Talvez essa seja uma coluna de cunho muito pessoal, mas voilá não há mais passo atrás a dar. Desde o dia em que comecei a escrever sobre minha experiência em viver fora do Brasil, toda a coluna que escrevo tem sempre um toque pessoal, íntimo e talvez até resvale na minha biografia.
Dito isso, ressalto ao leitor que um dos mais difíceis, talvez o mais temido, sentimento de quem vive fora de sua terra natal, sem regressar à casa-mãe por muito tempo, seja não acompanhar o envelhecimento de seus familiares, e temer que algo de ruim lhes aconteça.

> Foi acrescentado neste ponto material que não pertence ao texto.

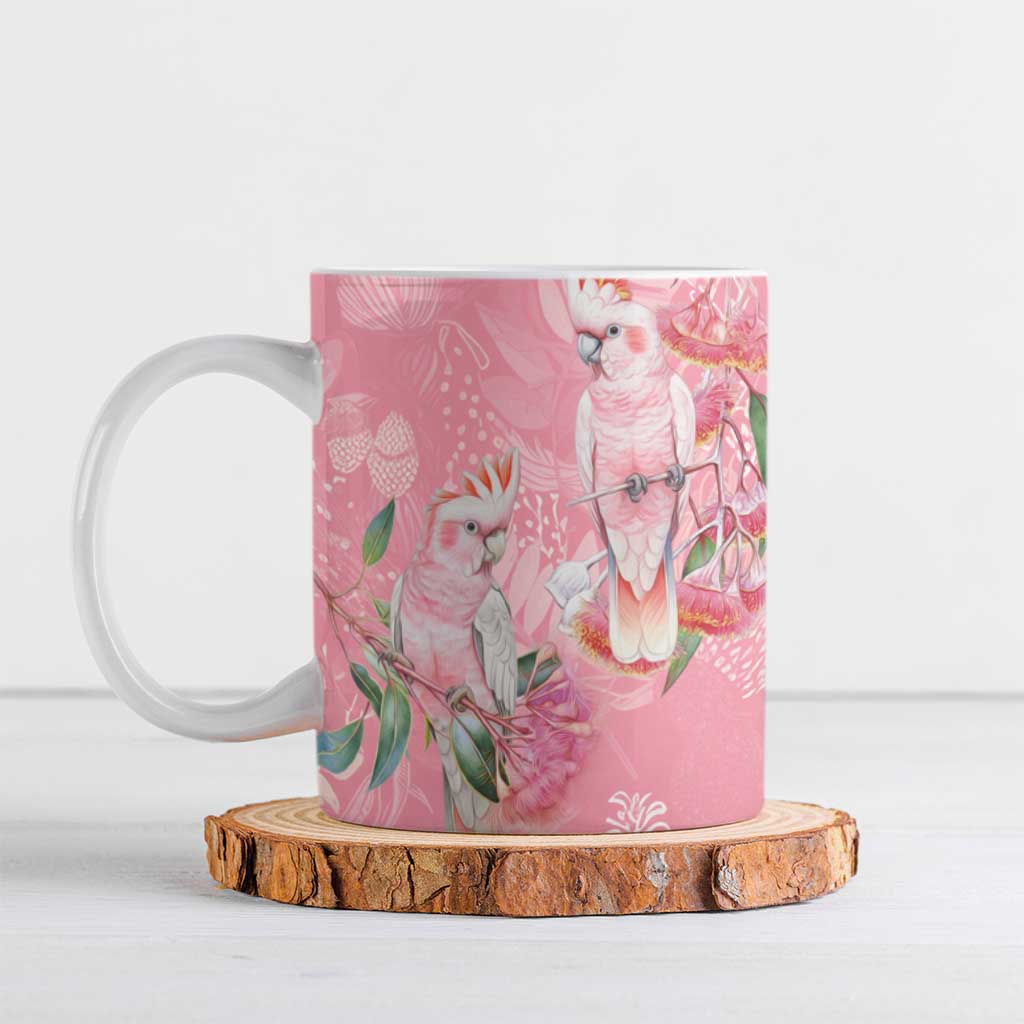 Personalised Galah Cockatoo Eucalyptus Flowers Ceramic Mug Australian Breast Cancer Spirit - Aussie Hoodie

Não há whatsapp ou face time que resolva esse angustiante sentimento, apesar da tecnologia ajudar muito.
Se por um lado acompanhar pessoalmente a decrepitude daqueles que amamos nos ilude com a sensação de que as pessoas não envelhecem tanto assim, não a acompanhar, e de repente, ter que encará-la por motivos que a vida nos impõe inevitavelmente, pode ser um duro golpe àqueles que, como eu, tem dificuldade em aceitar que o tempo é implacável e que todos nós estamos nessa insana e, por vezes, assustadora jornada, absolutamente sem nenhum controle.
Uma das coisas que percebi ao longo desses anos que moro fora do Brasil é que não importa o quanto o país que o acolheu, ou as amizades que você construiu façam com que se sinta “em casa”, ou o quão esses novos amigos sejam generosos com você e sua família, o imigrante, talvez nem todos, carrega a estranha sensação de não pertencimento, de não fazer parte do todo, por mais ambientado ou adaptado que esteja. Tudo muito estranho, mas real.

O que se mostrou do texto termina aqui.